In Kit Reed's latest novel, Enclave, the world isn't ending, though former Marine officer Sargent Whitemore will try to convince you otherwise. As Sarge sees it, the world is diseased and society is the carrier, but he has a plan to change things: Clothos, an academy set in an old monastery isolated by cliffs on a Mediterranean island.
For extremely wealthy parents, Clothos presents a chance to push away their children, social princes and princesses who embarrass the family name. For Sarge, starting the academy is a grand social experiment, a way to break down hooligans and build them up into people who contribute to a healthy society. "They are mine to form and watch over and take care of," he tells us.
At first, Sarge seems successful at subduing 100 previously unruly children and teenagers. But "the clamor of a hundred restless souls trapped here on his mountain, struggling to be released" can only be ignored for so long. When two viruses, one a computer program and one a biological pathogen, enter the school, they quickly eat away at the structure Sarge has built.
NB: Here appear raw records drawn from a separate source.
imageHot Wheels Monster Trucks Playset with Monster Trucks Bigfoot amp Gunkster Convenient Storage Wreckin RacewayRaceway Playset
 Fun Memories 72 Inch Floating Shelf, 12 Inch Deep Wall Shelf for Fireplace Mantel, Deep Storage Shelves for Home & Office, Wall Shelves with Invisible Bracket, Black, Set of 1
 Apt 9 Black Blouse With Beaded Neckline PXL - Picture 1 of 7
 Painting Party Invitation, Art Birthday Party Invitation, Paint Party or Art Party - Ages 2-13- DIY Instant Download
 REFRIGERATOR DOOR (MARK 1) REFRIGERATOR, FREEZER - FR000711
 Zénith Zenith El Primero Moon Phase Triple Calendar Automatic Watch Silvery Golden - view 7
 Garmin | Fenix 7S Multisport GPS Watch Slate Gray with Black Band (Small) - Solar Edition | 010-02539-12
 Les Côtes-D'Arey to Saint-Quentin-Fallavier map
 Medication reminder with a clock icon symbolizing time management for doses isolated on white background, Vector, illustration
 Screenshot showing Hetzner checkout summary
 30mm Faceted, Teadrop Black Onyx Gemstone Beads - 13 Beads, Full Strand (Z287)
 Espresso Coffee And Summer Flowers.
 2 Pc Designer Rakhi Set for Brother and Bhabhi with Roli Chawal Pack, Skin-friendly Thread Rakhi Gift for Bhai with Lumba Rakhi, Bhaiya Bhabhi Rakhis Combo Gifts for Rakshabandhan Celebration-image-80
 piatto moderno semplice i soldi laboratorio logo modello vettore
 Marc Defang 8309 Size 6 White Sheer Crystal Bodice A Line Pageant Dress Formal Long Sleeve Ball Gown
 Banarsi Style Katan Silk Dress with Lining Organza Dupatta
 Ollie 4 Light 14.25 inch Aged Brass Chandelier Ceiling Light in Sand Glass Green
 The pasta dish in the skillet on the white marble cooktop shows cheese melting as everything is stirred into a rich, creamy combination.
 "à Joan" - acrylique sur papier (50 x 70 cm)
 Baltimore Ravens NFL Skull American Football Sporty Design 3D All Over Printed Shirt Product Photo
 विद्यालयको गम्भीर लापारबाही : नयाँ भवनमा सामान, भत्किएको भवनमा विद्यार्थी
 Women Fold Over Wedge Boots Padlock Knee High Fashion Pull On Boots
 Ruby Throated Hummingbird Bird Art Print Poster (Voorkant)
What seemed like an inviolable plan for order quickly disintegrates.
With Enclave, Reed manages to combine the claustrophobic horrors of Scott Smith's The Ruins with the psychology of Lord of the Flies and The Masque of the Red Death.
For readers who think of science fiction as the tired product of paranoid pessimists, Enclave offers something fresh, doing what good speculative fiction has always done: exploring how we confront the world as we know it. Reed gives us more than just a story about forced conformity; she considers the implications of playing god, as well as the extent of parental love in showing just how willingly some parents push their problem children onto someone else. She also balances paranoia with hope. The people who control the information have the power, but Reed shows that even they can't know everything.
Vikas Turakhia is a high school English teacher in Ohio.